The abject horror of that day would stay with the mob that surrounded her. They would bay for blood until the reek of her seared flesh sickened them, and they dare not eat meat for months after for fear of retching; some never would again. Mair’s high-pitched screams and cries of suffering, echoed in their nightmares for the rest their lives – until they too were released unto death and lowered into the ground.
For she had not confessed! And her confession would have bought absolution for them all.
Mair however did confess, quietly in her hate-filled soul, but not to any god of their making,
First Mother, you know what I have done in the name of love. My
jealousy knew no bounds; I believed he had not relations with my sister
until she was with child.
Our daughters were born on the same day. Mine in a field, hers in a
mansion. Mine to bitter tears, hers to rejoicing.
I went to the room of her child when ’twas but three hours old, a
mewling, sickly thing. I smothered it, replaced it with my own daughter
and buried the baby’s body outside the church wall.
My heart ached for my daughter, so I cursed my sister’s soul, laid spells
to poison her belly, then took her husband to my bed in spite and
loathing, sucking his fierce seed into my womb. My sister and I were
soon once more with child.
My own son, born in secret whilst they quickly buried the malformed
creature she spewed forth, is dark like my love and strong like my hate.

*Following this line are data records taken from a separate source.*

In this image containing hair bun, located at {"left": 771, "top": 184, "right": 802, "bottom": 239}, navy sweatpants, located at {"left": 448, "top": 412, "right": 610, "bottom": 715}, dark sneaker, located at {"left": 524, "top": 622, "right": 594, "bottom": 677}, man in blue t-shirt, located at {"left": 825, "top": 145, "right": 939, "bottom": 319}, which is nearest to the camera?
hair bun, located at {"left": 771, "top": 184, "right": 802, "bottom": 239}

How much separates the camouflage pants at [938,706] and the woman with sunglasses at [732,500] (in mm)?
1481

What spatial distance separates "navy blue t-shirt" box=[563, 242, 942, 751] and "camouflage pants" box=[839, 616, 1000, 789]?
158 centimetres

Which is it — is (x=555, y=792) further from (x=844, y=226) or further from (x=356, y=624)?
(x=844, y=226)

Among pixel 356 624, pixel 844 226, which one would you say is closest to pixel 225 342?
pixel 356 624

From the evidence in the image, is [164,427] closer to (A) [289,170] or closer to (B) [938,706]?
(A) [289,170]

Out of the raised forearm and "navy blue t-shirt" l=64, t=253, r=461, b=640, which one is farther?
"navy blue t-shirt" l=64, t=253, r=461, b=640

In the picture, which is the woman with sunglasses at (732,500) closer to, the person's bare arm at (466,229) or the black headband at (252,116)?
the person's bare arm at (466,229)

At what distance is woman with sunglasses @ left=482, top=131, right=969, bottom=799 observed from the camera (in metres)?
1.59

My son is here today, sleeping in my sister’s arms. But my soul shall rise
from these ashes and enter him, and he shall always know that his
mother is not the one who offers him a lifeless pap but the one who died
so he should live.
And Gwynn, who could have saved her from the fire had he told the truth, had been devastated with grief by the death of his legitimate son. He broke in to Mair’s modest little house in the dead of night, stole her newborn and gave the child to gentle, grief-stricken Edith, saying he was a foundling from the next village. The next morning he went straight to the priest to condemn his son’s birth mother.
‘Have you seen her suckling demons?’ the priest asked, licking his lips.
‘She is a witch. She cursed my son.’
For surely she must be such, Gwynn told himself, for had she not seduced him time and time again, enchanted him away from his legal wife’s bed and forced him to fill her witch’s belly with a bastard?
So each of the players in this violent, brutal and tragic scenario justified their actions and a once beautiful young woman died in gruesome torment.
The magpie from Three Beech Hill saw the smoke and lazily swooped towards the plume. Attracted by the glinting gold and red fire, it flew through the flames as Mair’s last breath left her ravaged flesh. And, some whispered, took the witch’s soul as she died.
Another legend states that at that very moment, up at the grand house of Gwynn and Edith Madog, their little two-year old red-haired daughter howled like a wolf and foamed at the mouth. And, as her nurse tried to restrain her, the child bit her. The nurse died of the bite, they say.
And the witch’s grave in Aberdyfi, where Mair was immolated and her charred bones buried in a sealed box, has never grown so much as a blade of grass in over three hundred years. Or so they say.
Gwynn Madog and wife Edith had no more children. But Mair’s offspring, red-haired and spirited Elin and dark, brooding Ifor prospered — each beginning a dynasty, which sustains across the centuries and, indeed, the world.
The priest died of the pox, which he swore with his dying breath, was the result of the witch's curse. A lie, of course, as the young shepherd’s lad would attest, had the priest not buggered and murdered him, then buried his ten-year-old body in the crypt of the church. A crime not discovered at the time. Nor indeed, even to this day.